Wyrwał sprzedawcy pistolet, a potem go nim uderzył i powalił. Został szybko zatrzymany
We wtorek około godziny 11 policjanci z Kłodzka otrzymali zgłoszenie o kradzieży rozbójniczej w jednym ze sklepów na terenie miasta. Nieznany sprawca wyrwał sprzedawcy replikę broni Glock 19 o wartości 550 złotych, a następnie uderzył go nią, by utrzymać łup. Sprzedawca upadł na podłogę, a sprawca uciekł.
Policjanci szybko namierzyli podejrzanego – 34-letniego mieszkańca powiatu.
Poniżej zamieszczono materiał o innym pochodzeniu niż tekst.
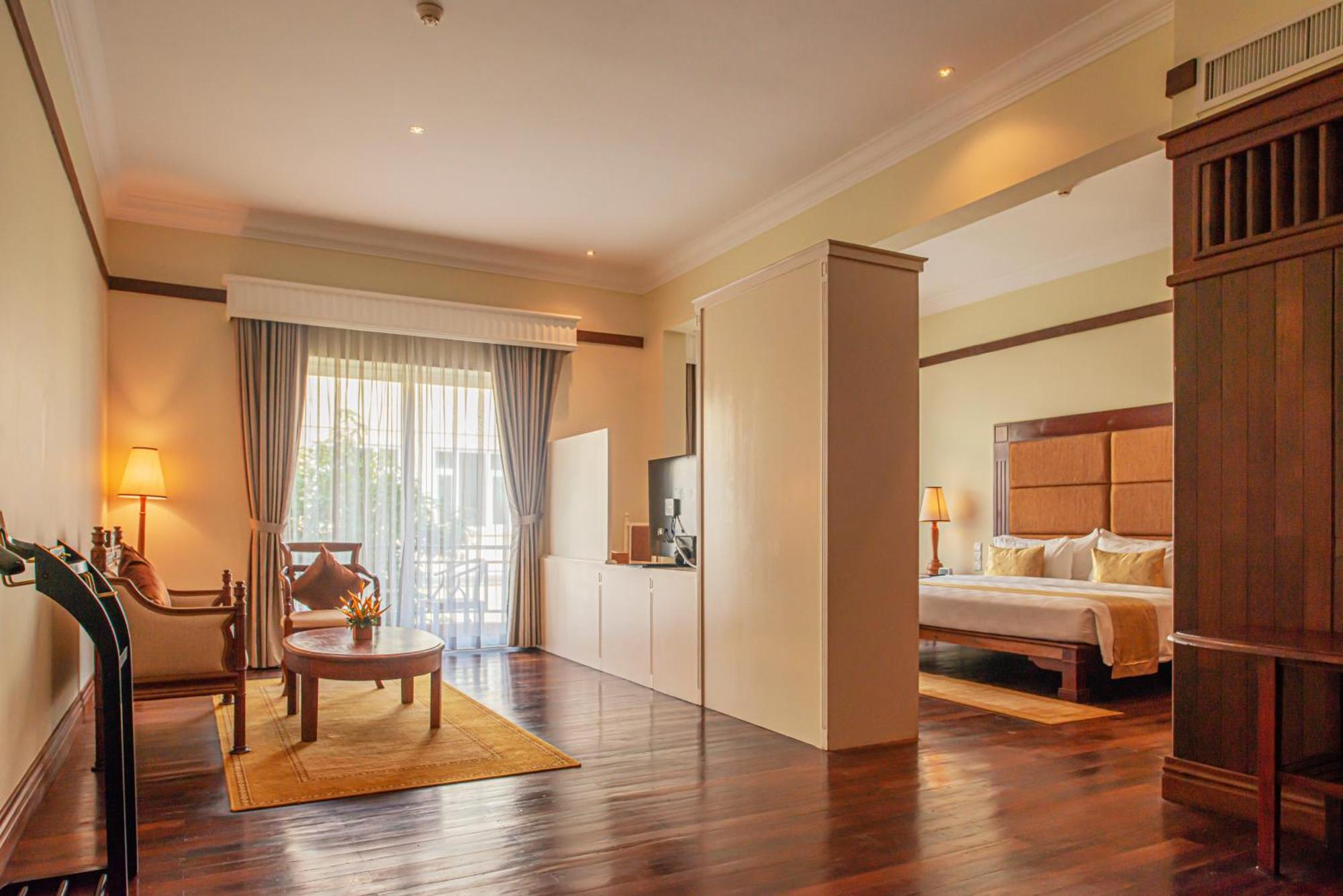 Sokha Siem Reap Resort & Convention Center Exteriör bild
Podczas kontroli znaleźli przy nim skradzioną replikę oraz woreczek z amfetaminą, z której można było przygotować blisko 70 porcji handlowych.
Śledczy ustalili również, że kilka dni wcześniej w Dusznikach-Zdroju mężczyzna zaatakował 74-latka, powodując u niego obrażenia i uszkadzając okulary warte 2 tysiące złotych.
34-latek trafił do policyjnego aresztu. Policjanci wyjaśniają okoliczności posiadania narkotyków i sprawdzają, czy zajmował się ich dystrybucją. Na wniosek prokuratora sąd zastosował wobec niego trzymiesięczny areszt. Grozi mu kara nawet do 12 lat więzienia.